Have you ever read a book and thought: this is it, this is the book I was born to write? Not in the sense of, ‘oh let me put my pen away, it’s already been written’ but in the sense of, ‘yes! That’s it, I do need to write, I do have a story to tell.’ Not the story itself but the book, the style of writing, the unique, real voice like nothing you’ve ever heard before that stays with you long after you’ve finished reading, a story so well told, so vividly detailed that it fills you with nostalgia for a life—the people, the places, the language, the smells, the tastes—that isn’t yours and could never be yours, but you almost wish it could. Caramelo, by Sandra Cisneros, is that book for me.

Why this book?
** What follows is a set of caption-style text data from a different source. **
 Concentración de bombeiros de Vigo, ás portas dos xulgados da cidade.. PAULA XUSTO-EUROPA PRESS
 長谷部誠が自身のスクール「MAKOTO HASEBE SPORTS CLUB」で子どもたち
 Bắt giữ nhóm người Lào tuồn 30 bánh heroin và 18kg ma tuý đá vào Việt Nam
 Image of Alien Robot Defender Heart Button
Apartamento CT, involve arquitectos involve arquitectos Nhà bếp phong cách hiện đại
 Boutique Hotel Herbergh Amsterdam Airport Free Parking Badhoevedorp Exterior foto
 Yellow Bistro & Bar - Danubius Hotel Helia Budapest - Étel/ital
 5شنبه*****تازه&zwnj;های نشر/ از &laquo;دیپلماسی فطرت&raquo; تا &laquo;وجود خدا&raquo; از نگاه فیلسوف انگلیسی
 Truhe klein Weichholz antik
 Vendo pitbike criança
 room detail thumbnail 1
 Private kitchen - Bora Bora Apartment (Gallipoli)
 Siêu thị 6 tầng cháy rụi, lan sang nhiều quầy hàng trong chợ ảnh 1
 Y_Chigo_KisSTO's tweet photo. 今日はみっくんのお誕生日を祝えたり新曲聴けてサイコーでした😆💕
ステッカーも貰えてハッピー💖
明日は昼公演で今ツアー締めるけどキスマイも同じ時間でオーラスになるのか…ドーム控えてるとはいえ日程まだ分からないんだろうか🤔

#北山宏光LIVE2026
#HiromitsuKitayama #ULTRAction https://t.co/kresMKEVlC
Well because it’s a literary gumbo, and I’m a New Orleans girl, so I love gumbo: it’s a multigenerational family history, a road trip novel, a coming-of-age story, a bilingual, multicultural, transnational stew of stories centered around a Mexican American family as told by Celaya Reyes, the youngest child and only girl in the family who believes telling “healthy lies” is part of being a good storyteller. I read it for the first time in 2006 and just finished it again and am reminded of all the reasons why I love this book.

One of the blurbs on the back cover describes it as “joyful” and “fizzy” and that is exactly what it is. It’s the equivalent of taking your first sip of Coke. I mean your first sip ever. What gives the book that buzz is the voice of the narrator. I love the way she tosses in Spanish words and Mexican Spanglish slang as she tells us her stories and the way that she captures the speech and mannerisms of her family members so precisely I swear I can hear them talking. It’s like when you’re watching a really good foreign language movie and you’re so into the story that you no longer realize they’re speaking a language you don’t understand.

I love all the details of the story, the way Cisneros puts the Reyes family life under the microscope for us to see all the little bits that make them a whole. And I love the magical realism of the novel, how the deceased grandmother resurrects herself to help Celaya tell the story, whether Celaya wants her help or not. While the book is very funny it is also a very tender portrait of a flawed father trying to correct the shame of his past by being a constant presence in his children’s lives. Overall the book leaves me with a reminder that human beings are complex and in that complexity, beautiful. By the time I finished the novel I felt like I was a part of the Reyes family, like Celaya and I were close friends or sisters, like I was Celaya. That’s a good book.

So this is the story I want to write. A book that shines the spotlight on the type of life I have lived: a black Creole Muslim girl from the South, growing up around Afrocentrism, black nationalism, Islam, and Creole culture, because out in the world outside of myself, it seems sometimes as if I don’t exist. There’s no such thing as a black Creole Muslim from the South. Because the thing is, if no one ever gives voice to a certain community, no one will ever know it exists. No one will ever know its vibrancy or its dynamism. So I want to do what Cisneros does for Mexican American culture, peeling back the surface and showing us the many layers of Mexican life, all the way down to its beating heart. I want to do that.